Co wpływa na różnice w wynikach sondaży?

Przed każdymi wyborami gazety, stacje telewizyjne i portale internetowe prześcigają się w publikowaniu sondaży, które pozwalają oszacować, kto ma największe szanse na zwycięstwo. Warto pamiętać o tym, aby dane takie czytać ze zrozumieniem, mając na względzie także zasady prostej matematyki. Dzięki temu spojrzymy na zgromadzone dane całkiem inaczej i wyciągniemy odpowiednie wnioski. Pod uwagę wziąć należy pełny obraz przeprowadzonego sondażu, a nie tylko przedstawione liczby.

Wielu z nas z pewnością zadaje sobie pytanie, jak czytać sondaże i dlaczego większość z nich różni się znacząco między sobą. Otóż na taki stan rzeczy wpływ ma kilka aspektów:

- frekwencja;

- dobrana metoda badawcza;

- forma pytań.

Jeśli chodzi o oszacowanie prawidłowej frekwencji - to trzeba zrobić rozróżnienie pomiędzy frekwencją w wyborach samorządowych, a np. wyborach parlamentarnych. W tych pierwszych zazwyczaj do urn wybiera się mniej głosujących niż do tych drugich. Przykładem takiej wpadki sondażowej było oszacowanie frekwencji w wyborach na prezydenta Radomia w 2014. Oddział TNS w Radomiu, błędnie skonstruował badanie i przewidywana frekwencja, na 6 dni przed wyborami, została ustalona na poziomie 79,6%. Natomiast w wyborach uczestniczyło...41,83% osób. Dlatego kluczowe jest czuwanie nad takimi przypadkami, gdzie dane są istotnie różne od tych “zwyczajowych”.
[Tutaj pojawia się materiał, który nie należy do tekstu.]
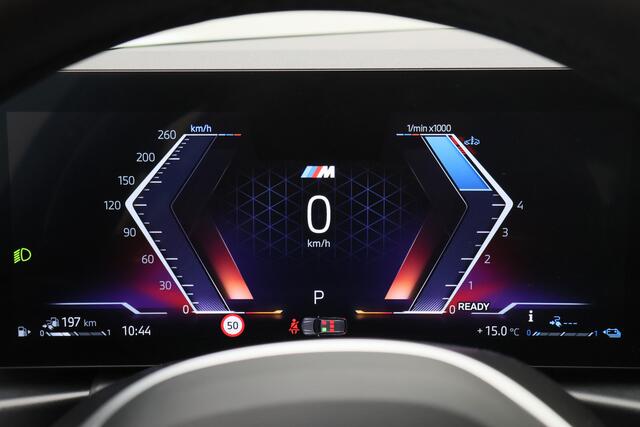 BMW 3-SERIE Touring 320e M Sport Navigatie, Elek. trekhaak, Apple Carplay, LED, 18"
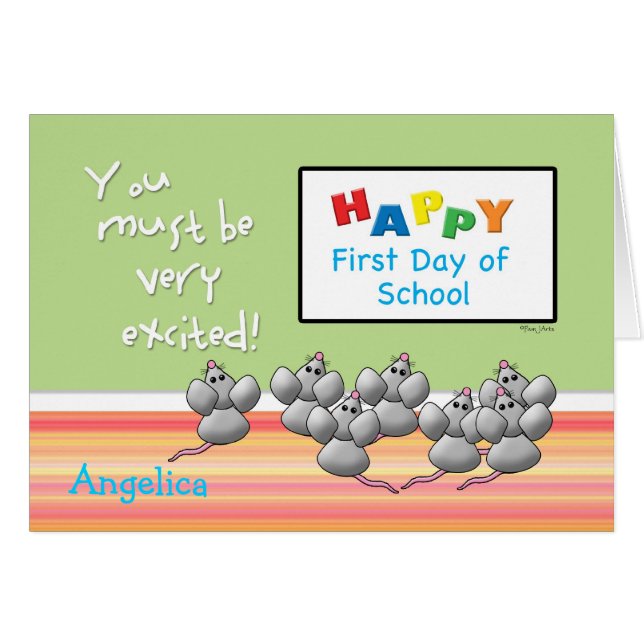 学校のかわいいネズミおよび頭が切れるな板の最初日 (正面横)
Kolejną ważną kwestią jest metoda badawcza, która może bazować na:

- sondażach telefonicznych (CATI);

- badaniach internetowych (CAWI);

- wywiadach bezpośrednich (F2F).

Okazuje się, że metoda CATI (sondaż telefoniczny) jest jedną z najbardziej miarodajnych metod badań politycznych w naszym kraju.

Bezpośredni wywiad może wiązać się z tym, że respondenci odpowiadają tak, jak oczekuje od nich ankieter.

Ponadto trzeba mieć na względzie trudne kontrolowanie jakości pracy ankieterów, z czym nie mamy do czynienia w trakcie rejestrowania ankiet telefonicznych.

Nie bez znaczenia jest także fakt, w jakiej formie zadawane są pytania. Powinny one zostać ułożone tak, aby pytany zyskał informacje o kandydatach, którzy ubiegają się o prezydenturę. Niekiedy firmy badawcze korzystają z podawania dodatkowych danych, np. odnośnie tego, kto popiera danego kandydata, co nie jest dobrym rozwiązaniem.


 

Który sondaż był najbliżej wyniku końcowego w 2019?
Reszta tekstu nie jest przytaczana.